# DESCRIPTION OF THE TASK:
What is needed is the number of lines below that contain the word "flowers", with no other output.

** Opening EXERCISE MATERIALS block **

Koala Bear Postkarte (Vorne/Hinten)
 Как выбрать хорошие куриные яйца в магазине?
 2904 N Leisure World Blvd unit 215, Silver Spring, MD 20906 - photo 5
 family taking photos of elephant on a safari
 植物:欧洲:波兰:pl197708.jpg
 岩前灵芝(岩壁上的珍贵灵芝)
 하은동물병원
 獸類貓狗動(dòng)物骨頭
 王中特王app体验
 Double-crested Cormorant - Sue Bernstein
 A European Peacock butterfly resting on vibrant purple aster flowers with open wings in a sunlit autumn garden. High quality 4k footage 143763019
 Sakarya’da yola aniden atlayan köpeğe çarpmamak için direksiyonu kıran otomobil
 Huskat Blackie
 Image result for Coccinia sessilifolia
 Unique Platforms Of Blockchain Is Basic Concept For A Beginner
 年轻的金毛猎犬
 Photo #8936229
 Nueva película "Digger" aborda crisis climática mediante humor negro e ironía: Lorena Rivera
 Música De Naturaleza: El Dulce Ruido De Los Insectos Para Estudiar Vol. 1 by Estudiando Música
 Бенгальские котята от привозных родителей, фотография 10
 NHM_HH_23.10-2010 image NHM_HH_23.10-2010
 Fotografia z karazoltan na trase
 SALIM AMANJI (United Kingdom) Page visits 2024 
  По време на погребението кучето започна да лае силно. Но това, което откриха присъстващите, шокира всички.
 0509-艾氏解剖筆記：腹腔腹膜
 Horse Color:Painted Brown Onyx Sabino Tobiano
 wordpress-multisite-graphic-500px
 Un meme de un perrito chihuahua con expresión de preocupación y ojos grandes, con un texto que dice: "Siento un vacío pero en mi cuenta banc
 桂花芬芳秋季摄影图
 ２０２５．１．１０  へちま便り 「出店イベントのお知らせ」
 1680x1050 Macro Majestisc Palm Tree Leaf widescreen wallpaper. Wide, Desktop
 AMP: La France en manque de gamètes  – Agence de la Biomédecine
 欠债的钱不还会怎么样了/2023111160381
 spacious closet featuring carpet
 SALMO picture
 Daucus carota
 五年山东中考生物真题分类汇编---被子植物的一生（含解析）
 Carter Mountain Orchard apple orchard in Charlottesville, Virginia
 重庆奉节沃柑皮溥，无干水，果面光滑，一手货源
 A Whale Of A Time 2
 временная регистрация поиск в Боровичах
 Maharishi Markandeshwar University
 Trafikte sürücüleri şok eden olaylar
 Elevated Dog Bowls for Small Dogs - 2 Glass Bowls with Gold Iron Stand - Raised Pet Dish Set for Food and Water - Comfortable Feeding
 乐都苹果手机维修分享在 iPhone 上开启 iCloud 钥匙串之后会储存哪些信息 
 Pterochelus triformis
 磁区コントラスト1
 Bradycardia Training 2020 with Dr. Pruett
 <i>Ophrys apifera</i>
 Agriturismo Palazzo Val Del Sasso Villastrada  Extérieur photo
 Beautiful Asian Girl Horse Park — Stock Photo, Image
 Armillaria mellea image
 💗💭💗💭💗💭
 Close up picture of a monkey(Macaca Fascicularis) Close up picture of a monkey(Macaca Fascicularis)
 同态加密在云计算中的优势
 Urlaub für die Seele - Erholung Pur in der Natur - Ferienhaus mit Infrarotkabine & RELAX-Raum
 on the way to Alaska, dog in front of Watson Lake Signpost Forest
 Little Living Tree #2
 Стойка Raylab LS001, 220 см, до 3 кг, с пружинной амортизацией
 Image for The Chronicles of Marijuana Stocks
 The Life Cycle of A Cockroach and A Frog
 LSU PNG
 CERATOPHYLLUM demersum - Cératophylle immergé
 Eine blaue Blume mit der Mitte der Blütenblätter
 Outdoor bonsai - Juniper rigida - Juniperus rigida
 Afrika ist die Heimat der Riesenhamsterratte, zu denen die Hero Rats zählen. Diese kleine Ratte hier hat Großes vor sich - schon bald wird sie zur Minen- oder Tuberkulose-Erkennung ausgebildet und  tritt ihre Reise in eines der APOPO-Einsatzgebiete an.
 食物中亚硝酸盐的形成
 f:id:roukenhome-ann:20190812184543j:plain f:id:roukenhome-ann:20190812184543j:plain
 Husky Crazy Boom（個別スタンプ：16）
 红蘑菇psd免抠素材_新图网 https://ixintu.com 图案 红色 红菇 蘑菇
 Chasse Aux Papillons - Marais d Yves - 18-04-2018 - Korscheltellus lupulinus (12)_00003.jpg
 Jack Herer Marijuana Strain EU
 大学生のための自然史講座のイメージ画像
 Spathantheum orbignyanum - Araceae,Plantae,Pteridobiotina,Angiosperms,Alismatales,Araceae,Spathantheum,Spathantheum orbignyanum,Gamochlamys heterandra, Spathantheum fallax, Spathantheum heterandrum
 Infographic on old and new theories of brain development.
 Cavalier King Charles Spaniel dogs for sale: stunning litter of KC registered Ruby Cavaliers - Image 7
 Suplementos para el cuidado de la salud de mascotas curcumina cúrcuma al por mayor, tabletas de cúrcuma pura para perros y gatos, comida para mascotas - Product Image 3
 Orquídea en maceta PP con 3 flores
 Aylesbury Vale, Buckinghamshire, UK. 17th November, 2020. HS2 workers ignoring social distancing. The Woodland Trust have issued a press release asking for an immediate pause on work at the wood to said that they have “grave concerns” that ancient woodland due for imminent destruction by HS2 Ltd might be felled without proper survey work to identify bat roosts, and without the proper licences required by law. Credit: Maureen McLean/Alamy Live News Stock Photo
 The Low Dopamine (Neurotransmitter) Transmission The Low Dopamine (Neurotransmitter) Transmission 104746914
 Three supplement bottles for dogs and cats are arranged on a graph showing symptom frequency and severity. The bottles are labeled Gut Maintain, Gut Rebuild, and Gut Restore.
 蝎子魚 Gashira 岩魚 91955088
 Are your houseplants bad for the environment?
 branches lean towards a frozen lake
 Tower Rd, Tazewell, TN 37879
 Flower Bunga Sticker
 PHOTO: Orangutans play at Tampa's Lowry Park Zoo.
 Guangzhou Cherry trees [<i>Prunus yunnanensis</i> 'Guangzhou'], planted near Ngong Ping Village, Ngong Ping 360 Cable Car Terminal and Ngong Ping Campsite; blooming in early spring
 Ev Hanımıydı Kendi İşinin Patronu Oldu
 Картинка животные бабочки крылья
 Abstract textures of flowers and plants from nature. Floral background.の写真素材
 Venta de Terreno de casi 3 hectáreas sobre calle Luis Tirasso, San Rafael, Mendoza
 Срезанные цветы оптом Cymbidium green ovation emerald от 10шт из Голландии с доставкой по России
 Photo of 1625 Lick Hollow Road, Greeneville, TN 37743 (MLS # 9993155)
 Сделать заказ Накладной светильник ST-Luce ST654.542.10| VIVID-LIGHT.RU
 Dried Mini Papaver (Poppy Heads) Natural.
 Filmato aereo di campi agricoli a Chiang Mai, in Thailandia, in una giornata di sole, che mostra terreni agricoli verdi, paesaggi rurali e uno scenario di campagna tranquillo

** Closing EXERCISE MATERIALS block **

# RESPONSE TO THIS TASK:
2